With all this in play, I was interested in how the BYU fanbase felt about the game and what they were saying on Twitter about it. So naturally, I opened up my laptop and went directly to R! I recently read through Julia Silge's and David Robinson's book Text Mining with R [https://www.tidytextmining.com/]. This book goes into detail about different text mining techniques including summary metrics, sentiment analysis, term frequency-inverse document frequency (tf-idf), and topic modeling. I decided to use these techniques to perform my BYU Football Twitter Analysis. So let's dig in. First up, loading the libraries:
library(tidyverse)
library(textclean)
library(tidytext)
library(tm)
library(lubridate)
library(stringr)
library(jsonlite)
library(ggpubr)
library(topicmodels)
I then set up my API call so I can receive Twitter data. Twitter does a very good job of documenting its API endpoints and helping users accomplish what they set out to do. This article helped me quickly get up and running with Twitter's API. For my use-case I used the mentions endpoint and found @BYUfootball's user ID (874824792) using tweeterid.com.
twitter_creds <- jsonlite::fromJSON("api_keys_twitter.json")
twitter_url <- "https://api.twitter.com/2/"
bearer_token <- twitter_creds$bearer_token
headers <- c(`Authorization` = sprintf('Bearer %s', bearer_token))
params <- list(`max_results` = 100,
`start_time` = '2022-09-06T00:00:00.000Z',
`tweet.fields` = 'author_id,created_at')
url_handle <- 'https://api.twitter.com/2/users/874824792/mentions'
I passed three parameters into my query: max_results, start_time, and tweet.fields. If I remember right, Twitter's default is to only send 5 or 10 tweets through the API call unless a "max_results" is specified. This API endpoint returns the most recent tweets, so I defined the boundary "start_time" to ensure I was only getting tweets from the days immediately leading up to the game and not going back any further. I also wanted to know when the tweet was created so I could use this data as part of my analysis. I then collected data from my first API call:
response <-
httr::GET(url = url_handle,
httr::add_headers(.headers = headers),
query = params)
obj <- httr::content(response, as = "text")
json_data <- fromJSON(obj, flatten = TRUE) %>% as.data.frame
data = json_data %>% select(tweet_id = data.id, text = data.text, author_id = data.author_id, created_at = data.created_at)
And then 9 more pages for a total of 1,000 tweets:
for (i in 1:9){
next_token = json_data$meta.next_token[1]

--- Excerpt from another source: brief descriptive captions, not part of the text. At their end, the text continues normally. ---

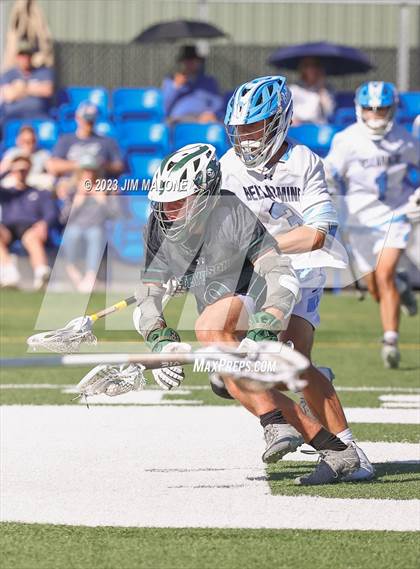 Thumbnail 1 in Stevenson @ Bellarmine College Prep (CIFCCS Quarterfinals) photogallery.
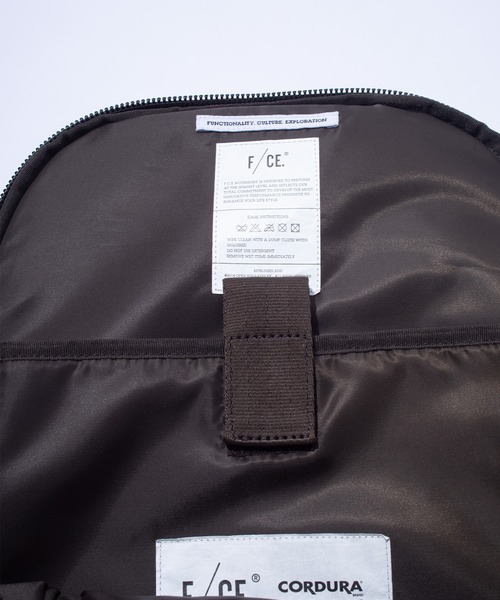 F/CE. (エフシーイー)の「F/CE. 420 re/cor DAYTRIP BP 2.0 / エフシーイー 420 レコー デイトリップ バックパック 2.0(バックパック/リュック・メンズ・ブラック・FREE)」の20枚目の写真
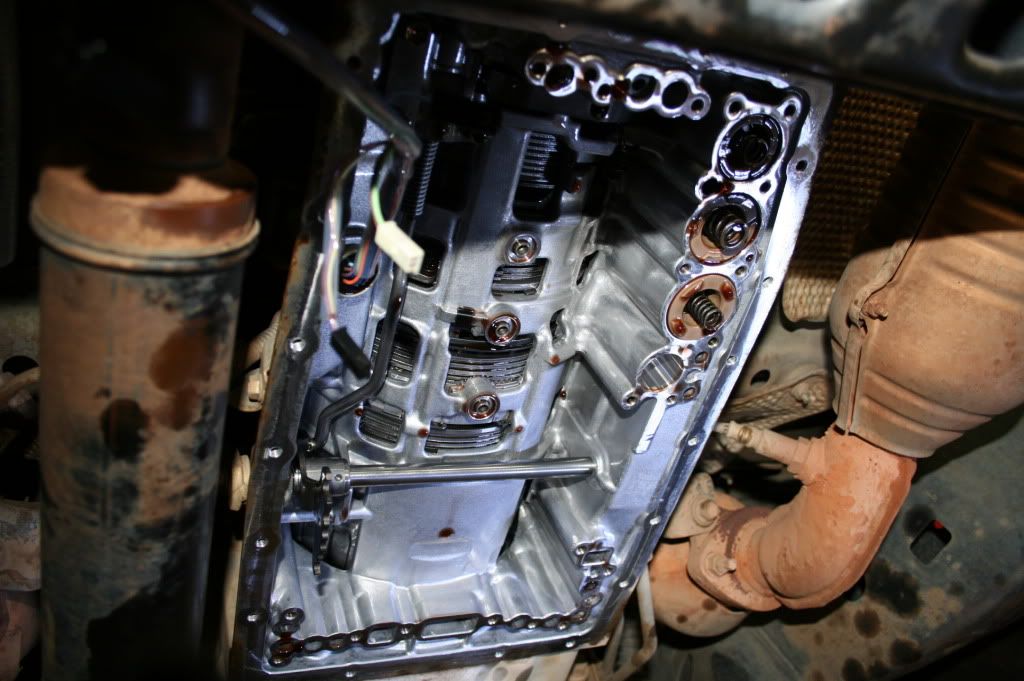 Product review Nomad valvebody for A750F 5 speed auto transmission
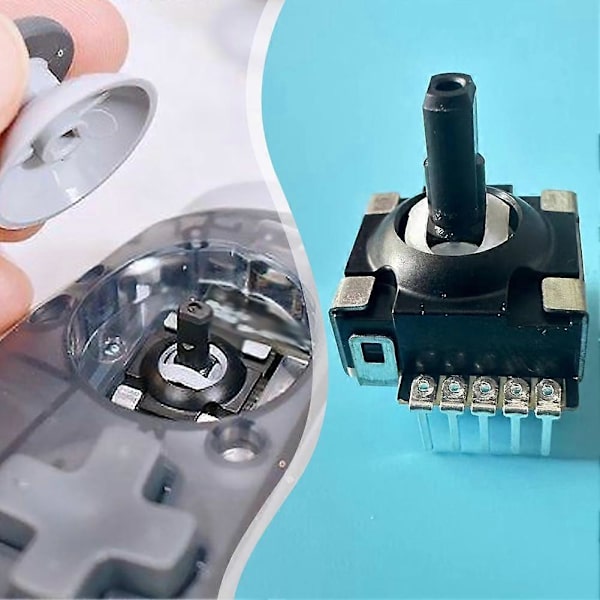 Rocker Sensor til Switch Pro Controller Hall Elektromagnetisk Rocker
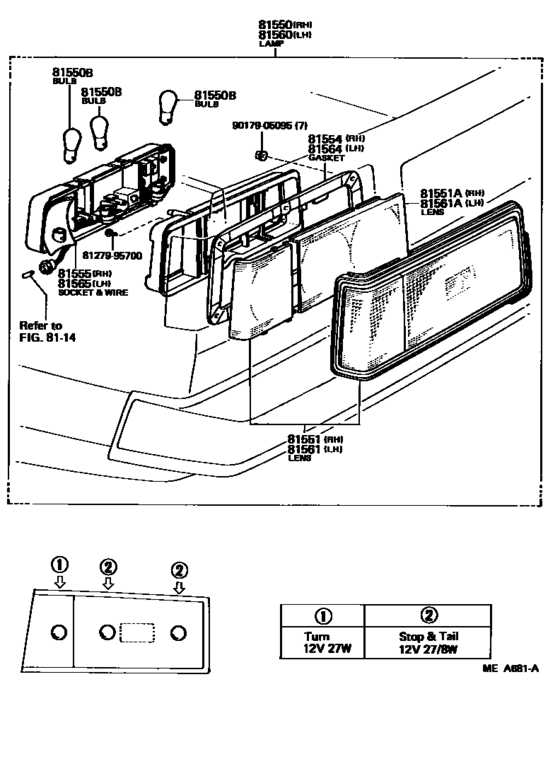 Rear Combination Lamp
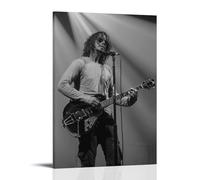 HIMGZXGWQ Chris Cornell Singer Art Poster Pintura Decorativa Lienzo Arte Mural Salón Póster Dormitorio Pintura, Arte de Pared Impresión de Imagen Moderna Decoración de Habitación Familiar 20 x 30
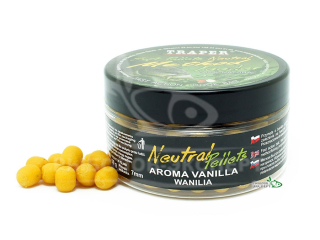Пеллетс Traper Soft Pellets Neutral Method Feeder 7мм 50г Vanilla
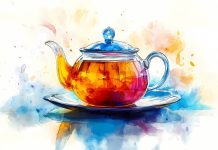 Целебный синий чай Анчан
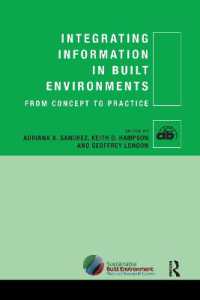 Integrating Information in Built Environments (Cib)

params <- list(`max_results` = 100,
`start_time` = '2022-09-06T00:00:00.000Z',
`tweet.fields` = 'author_id,created_at',
`pagination_token` = next_token)
response <-
httr::GET(url = url_handle,
httr::add_headers(.headers = headers),
query = params)
obj <- httr::content(response, as = "text")
json_data <- fromJSON(obj, flatten = TRUE) %>% as.data.frame
int_data = json_data %>%
select(tweet_id = data.id, text = data.text, author_id = data.author_id, created_at = data.created_at)

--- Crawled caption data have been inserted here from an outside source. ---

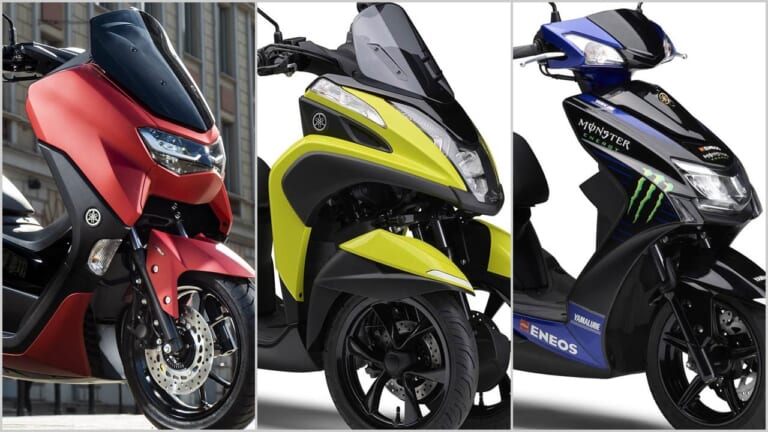 ヤマハ2021新車バイクラインナップ〈51〜125cc原付二種スクーター〉NMAX/トリシティetc.|ヤマハ2021新車バイクラインナップ〈51〜125cc原付二種スクーター〉NMAX/トリシティetc.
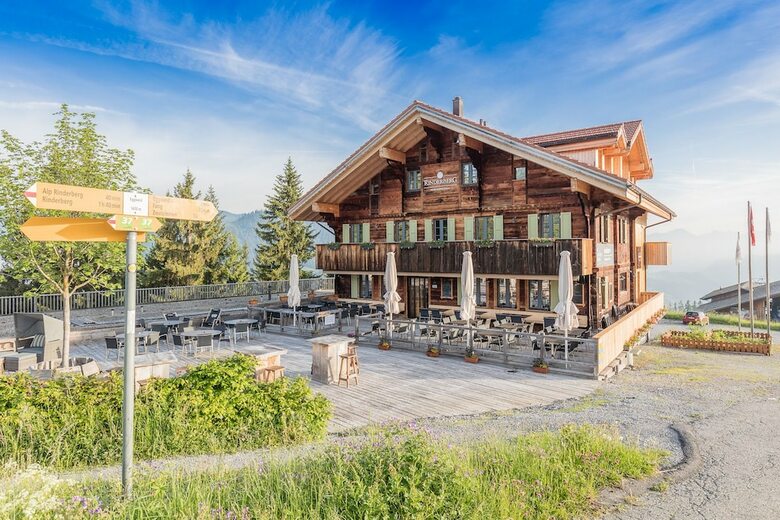Posada Rinderberg Swiss Alpine Lodge
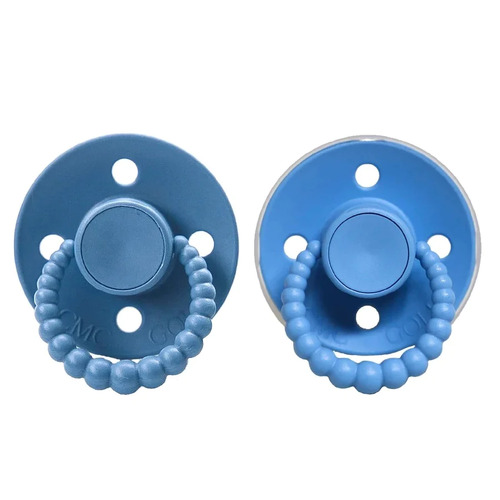 CMC Bubble Dummies (Set Of 2) Size 1 - PETROL/LAGOON BLUE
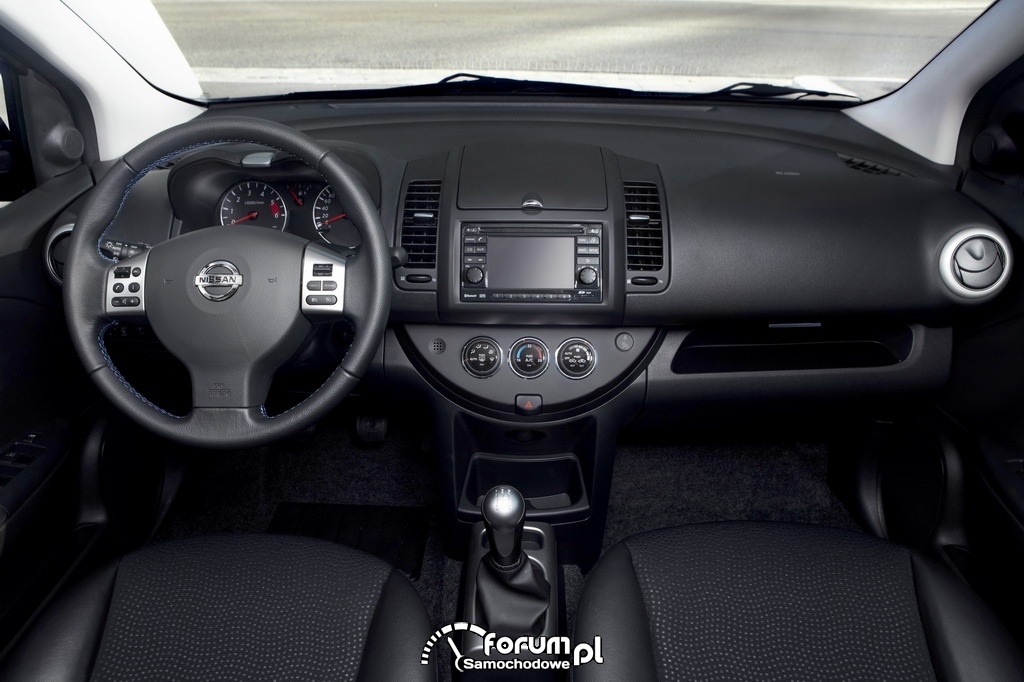 Nissan Note bogatsze wersje na 2012 rok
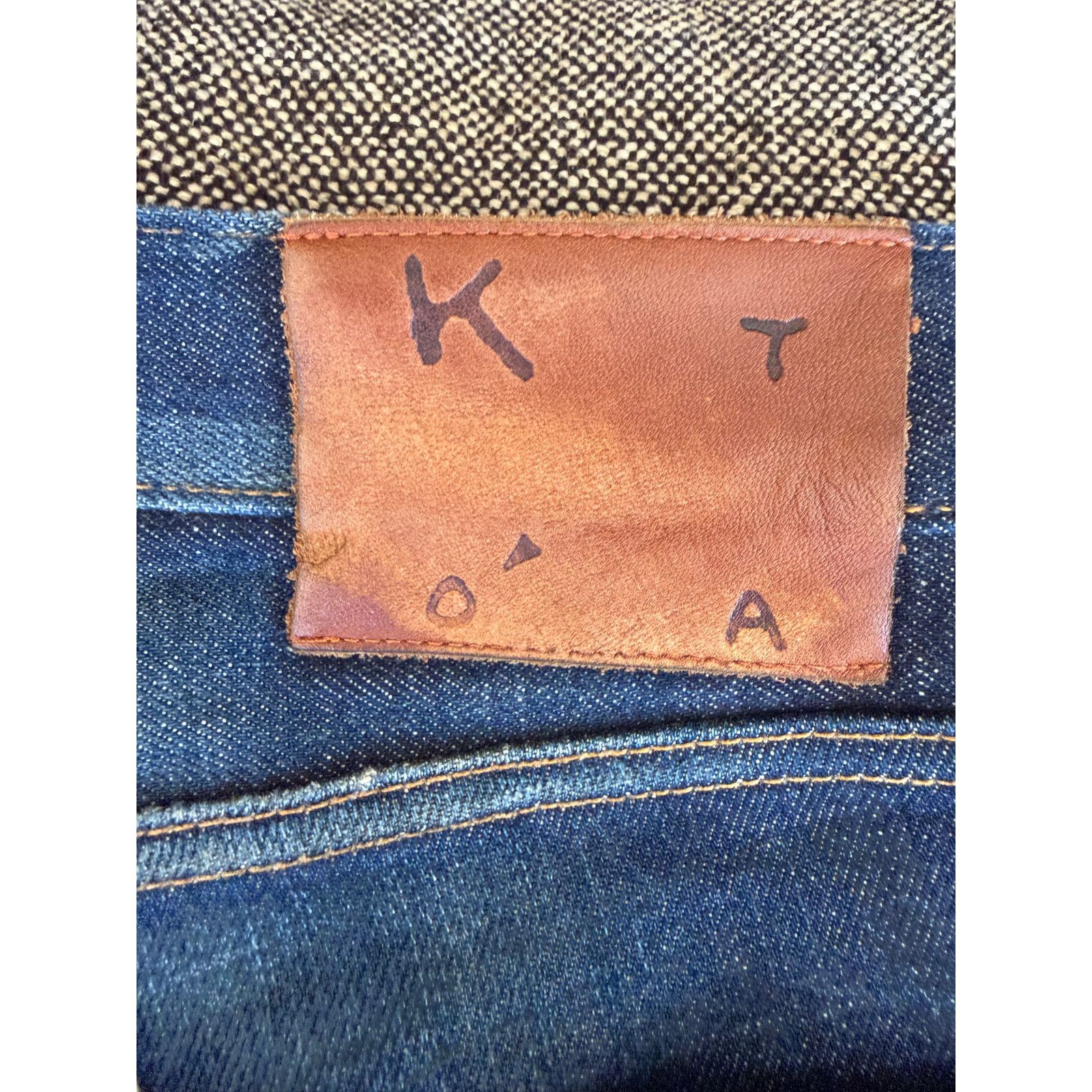 KATO KATO' by Hiroshi Kato Selvedge Jeans Size US 33 - 5 Thumbnail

data = bind_rows(data,int_data)
}
Twitter's API uses pagination via the "pagination_token". You pass "next_token" to that parameter to collect the next page of data. For each page, I bind the rows of the previously collected data with the data from the new page. The next step was to clean and prep the data. I first created a new column called "day_hour" so I can group the data by the hour the tweet was created. Next I cleaned the text column by using a few functions from "textclean" (replace_emoji, replace_hash, and replace_non_ascii) and a few functions from "tm" (removePunctuation and removeNumbers). These functions make it easier to create a meaningful analysis. I also added a column that removed all mentions as this was interfering with part of my sentiment analysis later.
tweet_data = data %>% mutate(created_at = created_at %>% ymd_hms()) %>%
mutate(day_hour = paste0(format.Date(created_at,"%d"),format.Date(created_at,"%H")))
tweet_data = tweet_data %>% mutate(clean_text = text %>% replace_emoji() %>%
replace_hash() %>% replace_non_ascii() %>%
removePunctuation() %>% removeNumbers())
tweet_data = tweet_data %>% mutate(no_mentions = gsub('@\\S+', '', text) %>% replace_emoji() %>%
replace_hash() %>% replace_non_ascii() %>%
removePunctuation() %>% removeNumbers())
So now that the cleaning and prep is done, it's time for some analysis! Summary Metrics First let's see the most common words used in our collection of tweets.
tidy_twitter = tweet_data %>% select(tweet_id, day_hour, clean_text)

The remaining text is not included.